Fresh Winter Salads
As we wend our way through the cold winter months, an intuitive desire for heavier foods starts to dominate our mood. This is a natural and normal process as our bodies need the extra fat and protein for moisture and insulation, and to give us the deep seated energy that will endure throughout the long cold season.
But this of course doesn't mean we should forgo fresh seasonal vegetables and fruit salads. No no no! In fact, we absolutely need the vitamins, phytonutrients and fiber from these fresh whole foods, especially now throughout the holiday season.
It is easy to swing over to a high fat, high carbohydrate diet during the holidays. Too much meat, sweets and butter can bring us there quicker than we think. A little more of these is one thing, but we all know that when we give ourselves an inch, it doesn't take much before we are taking a mile.
Lucky for us, there is a plethora of fresh veggies and fruits available throughout the winter. Keep in mind to buy locally if you can (fresh is best), and to eat the varieties that are naturally in season throughout the winter: roasted root vegetables make a naturally sweet topping for fresh salads; cabbage, kale, spinach, collard greens and other cruciferous vegetables are hearty and healthy winter favorites; fresh or braised fennel with roasted vegetables gives a festive kick; and fruits of the season like pomegranate, persimmon, cranberries, citrus, and guavas add color and pizazz on top of fresh greens.

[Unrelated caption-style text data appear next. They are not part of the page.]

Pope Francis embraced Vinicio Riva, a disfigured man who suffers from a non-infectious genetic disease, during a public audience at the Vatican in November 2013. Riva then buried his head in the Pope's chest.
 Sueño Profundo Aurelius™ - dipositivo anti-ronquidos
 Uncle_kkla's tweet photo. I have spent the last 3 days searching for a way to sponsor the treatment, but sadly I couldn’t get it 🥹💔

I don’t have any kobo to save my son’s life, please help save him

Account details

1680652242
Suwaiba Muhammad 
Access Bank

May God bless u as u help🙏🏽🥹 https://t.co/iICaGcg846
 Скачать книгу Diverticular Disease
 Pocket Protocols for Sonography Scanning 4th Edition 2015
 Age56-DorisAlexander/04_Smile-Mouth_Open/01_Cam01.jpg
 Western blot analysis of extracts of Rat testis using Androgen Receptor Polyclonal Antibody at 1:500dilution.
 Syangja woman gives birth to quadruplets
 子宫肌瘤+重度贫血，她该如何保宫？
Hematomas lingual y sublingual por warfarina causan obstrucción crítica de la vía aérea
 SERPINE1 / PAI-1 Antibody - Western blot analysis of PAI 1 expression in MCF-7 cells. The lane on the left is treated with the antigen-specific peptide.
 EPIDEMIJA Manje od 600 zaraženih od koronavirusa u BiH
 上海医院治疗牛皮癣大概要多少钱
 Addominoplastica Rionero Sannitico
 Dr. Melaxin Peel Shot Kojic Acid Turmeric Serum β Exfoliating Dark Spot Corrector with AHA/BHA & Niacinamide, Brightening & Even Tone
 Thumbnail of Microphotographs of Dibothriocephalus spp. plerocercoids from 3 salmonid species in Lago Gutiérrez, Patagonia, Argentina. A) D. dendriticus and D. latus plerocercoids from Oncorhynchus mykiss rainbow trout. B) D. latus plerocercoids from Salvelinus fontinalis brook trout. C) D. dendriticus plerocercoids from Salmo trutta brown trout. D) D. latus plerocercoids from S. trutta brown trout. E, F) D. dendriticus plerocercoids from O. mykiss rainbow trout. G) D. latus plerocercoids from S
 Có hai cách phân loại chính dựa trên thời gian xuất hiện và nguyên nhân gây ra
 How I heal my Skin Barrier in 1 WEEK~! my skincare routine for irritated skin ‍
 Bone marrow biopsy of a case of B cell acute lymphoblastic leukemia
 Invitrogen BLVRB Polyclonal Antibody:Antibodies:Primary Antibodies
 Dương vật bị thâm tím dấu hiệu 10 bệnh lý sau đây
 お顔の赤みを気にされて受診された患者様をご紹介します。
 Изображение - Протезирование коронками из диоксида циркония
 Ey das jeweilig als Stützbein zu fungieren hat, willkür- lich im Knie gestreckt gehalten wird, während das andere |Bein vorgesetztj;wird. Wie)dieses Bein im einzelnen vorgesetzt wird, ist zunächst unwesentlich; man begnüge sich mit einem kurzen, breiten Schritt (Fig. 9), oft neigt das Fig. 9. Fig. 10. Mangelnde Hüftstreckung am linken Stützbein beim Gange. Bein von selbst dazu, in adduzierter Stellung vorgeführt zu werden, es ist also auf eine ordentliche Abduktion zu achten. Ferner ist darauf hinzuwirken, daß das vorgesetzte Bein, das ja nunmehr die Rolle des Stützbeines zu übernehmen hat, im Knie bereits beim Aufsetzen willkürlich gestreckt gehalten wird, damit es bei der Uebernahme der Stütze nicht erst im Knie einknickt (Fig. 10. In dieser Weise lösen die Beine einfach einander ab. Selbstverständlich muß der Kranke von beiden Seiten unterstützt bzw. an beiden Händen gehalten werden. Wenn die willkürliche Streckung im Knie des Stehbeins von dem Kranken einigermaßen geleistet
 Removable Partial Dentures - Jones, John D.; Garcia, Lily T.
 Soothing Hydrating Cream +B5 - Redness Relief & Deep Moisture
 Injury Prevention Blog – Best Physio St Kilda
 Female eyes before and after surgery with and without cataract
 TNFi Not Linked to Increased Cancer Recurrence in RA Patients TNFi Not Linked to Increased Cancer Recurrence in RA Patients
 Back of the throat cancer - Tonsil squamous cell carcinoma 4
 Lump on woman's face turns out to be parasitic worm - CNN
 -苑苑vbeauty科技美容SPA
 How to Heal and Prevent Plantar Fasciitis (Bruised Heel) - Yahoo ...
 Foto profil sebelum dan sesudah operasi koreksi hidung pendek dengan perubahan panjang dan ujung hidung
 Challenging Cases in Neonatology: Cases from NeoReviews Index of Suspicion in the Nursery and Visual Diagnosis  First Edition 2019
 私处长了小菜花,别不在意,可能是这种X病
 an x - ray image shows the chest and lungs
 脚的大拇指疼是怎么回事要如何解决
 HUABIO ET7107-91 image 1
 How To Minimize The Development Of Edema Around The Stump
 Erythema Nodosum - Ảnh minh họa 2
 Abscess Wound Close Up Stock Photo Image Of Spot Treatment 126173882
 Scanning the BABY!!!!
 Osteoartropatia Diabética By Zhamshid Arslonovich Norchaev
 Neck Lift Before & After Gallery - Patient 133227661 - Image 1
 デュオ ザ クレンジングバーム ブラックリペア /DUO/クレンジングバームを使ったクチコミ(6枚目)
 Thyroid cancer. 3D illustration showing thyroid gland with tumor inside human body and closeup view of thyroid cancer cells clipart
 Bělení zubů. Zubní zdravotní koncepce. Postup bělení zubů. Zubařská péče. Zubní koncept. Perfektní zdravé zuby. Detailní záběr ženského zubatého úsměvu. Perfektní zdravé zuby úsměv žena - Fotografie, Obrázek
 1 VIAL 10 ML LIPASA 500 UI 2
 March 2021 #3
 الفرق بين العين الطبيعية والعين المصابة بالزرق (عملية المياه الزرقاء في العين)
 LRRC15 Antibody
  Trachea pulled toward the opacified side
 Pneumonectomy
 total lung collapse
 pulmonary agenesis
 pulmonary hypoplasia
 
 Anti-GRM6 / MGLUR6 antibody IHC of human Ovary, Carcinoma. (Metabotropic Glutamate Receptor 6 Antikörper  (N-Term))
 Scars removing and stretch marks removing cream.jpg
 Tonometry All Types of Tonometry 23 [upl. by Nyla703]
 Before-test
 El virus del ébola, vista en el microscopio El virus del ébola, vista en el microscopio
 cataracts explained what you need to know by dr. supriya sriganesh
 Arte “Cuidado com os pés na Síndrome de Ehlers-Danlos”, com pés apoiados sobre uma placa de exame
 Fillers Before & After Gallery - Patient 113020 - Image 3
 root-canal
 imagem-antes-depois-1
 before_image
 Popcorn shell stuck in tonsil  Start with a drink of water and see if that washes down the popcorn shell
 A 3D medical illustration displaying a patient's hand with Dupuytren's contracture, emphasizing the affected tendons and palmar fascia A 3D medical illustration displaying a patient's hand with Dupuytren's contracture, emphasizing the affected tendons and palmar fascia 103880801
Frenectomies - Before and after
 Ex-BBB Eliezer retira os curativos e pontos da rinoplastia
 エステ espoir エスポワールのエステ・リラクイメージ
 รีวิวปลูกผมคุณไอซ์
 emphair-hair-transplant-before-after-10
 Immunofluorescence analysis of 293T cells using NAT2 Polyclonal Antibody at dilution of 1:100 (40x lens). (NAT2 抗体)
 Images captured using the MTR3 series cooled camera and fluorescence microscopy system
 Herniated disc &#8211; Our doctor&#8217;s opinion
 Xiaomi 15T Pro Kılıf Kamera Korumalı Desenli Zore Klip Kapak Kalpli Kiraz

In addition, experiment with warming spices like curry powder, cinnamon and cayenne added to dressings, and top salads with toasted nuts and seeds. Deeper, richer flavors make the body feel nourished and warm, even if they are mixed in with the fresh and cooling qualities of a green salad mix.
So we don't have to swing all the way to the heavy side during these colder months. Keeping fresh, seasonal veggies and fruits on hand will ensure that we stay balanced and healthy all winter long.
Baby Spinach Salad with Curried Apples and Onions
Yield: 4 servings
CURRIED APPLES AND ONIONS
1 tablespoon olive oil
1 yellow onion, sliced thin
1 apple, sliced thin
1/2 teaspoon mild curry powder
4 tablespoons balsamic vinegar
2 tablespoons honey
1 teaspoon Dijon mustard
6 tablespoons olive oil
2 tablespoons walnut oil (or use more olive oil)
CANDIED PECANS OR WALNUTS
1 cup pecans or walnuts
1/4 teaspoon cinnamon
1/4 teaspoon nutmeg
1/4 teaspoon salt
2 tablespoons maple syrup
4 handfuls of baby spinach
2 ounces goat feta
Heat the olive oil in a large saute pan over medium heat. Add the sliced onion and apple. Saute for 2-3 minutes then turn down the heat to medium-low and cover. Cook, stirring occasionally, for 35-45 minutes, until the onions have released their natural sugars and have begun to caramelize. They should be a nice caramel color.
In the meantime, prepare the dressing and candied pecans. For the dressing, whisk all of the ingredients together in a small dish. Let the dressing sit at room temperature for at least 15 minutes to allow the flavors to develop.
For the pecans, heat a medium skillet over medium heat. Place the pecans in the pan, stirring and flipping constantly, until the pecans are lightly toasted, about 8 minutes—watch out, they burn fast at the end.
Add the spices and salt; mix about 30 seconds to toast the spices. Turn the heat to low and add the maple syrup. Stir constantly, cooking until the mixture has thickened and is very sticky, about two minutes. Remove to a plate and cool completely.
Place a handful of spinach onto four salad plates. Drizzle with the dressing. Place 1/4 of the warmed caramelized onions over each of the plates of spinach and top with the candied pecans and feta. Give each a grinding of fresh black pepper. Serve while the onions are still warm.
Green and Orange Salad with Cinnamon-Maple Vinaigrette (pictured above)
Yield: 4-6 servings
2 tablespoons fresh orange juice
1 tablespoon fresh lemon juice
1 teaspoon apple cider vinegar
1-2 tablespoons maple syrup
1/4 teaspoon cinnamon
4-5 tablespoons walnut oil
1 head romaine leaves, chopped
1 small red onion, thinly sliced
6 dried figs, sliced thin
1/3 cup toasted almonds, chopped
Mix all of the dressing ingredients in a small dish. Let the dressing sit 10-15 minutes to allow the flavors to develop.
Slice the stem and bottom off of each of the oranges. With a cut side down, use a sharp knife to cut away the skin in sections from top to bottom, being careful not to cut away too much of the juicy fruit. Slice the oranges cross-wise into 1/4 inch slices.
Place the romaine leaves on a decorative plate or salad bowl. Toss the greens with a bit of the dressing. Arrange the oranges and red onion slices on top of the greens and garnish with the sliced figs and almonds. Drizzle the top with a little more of the dressing and give the salad a grinding of fresh black pepper.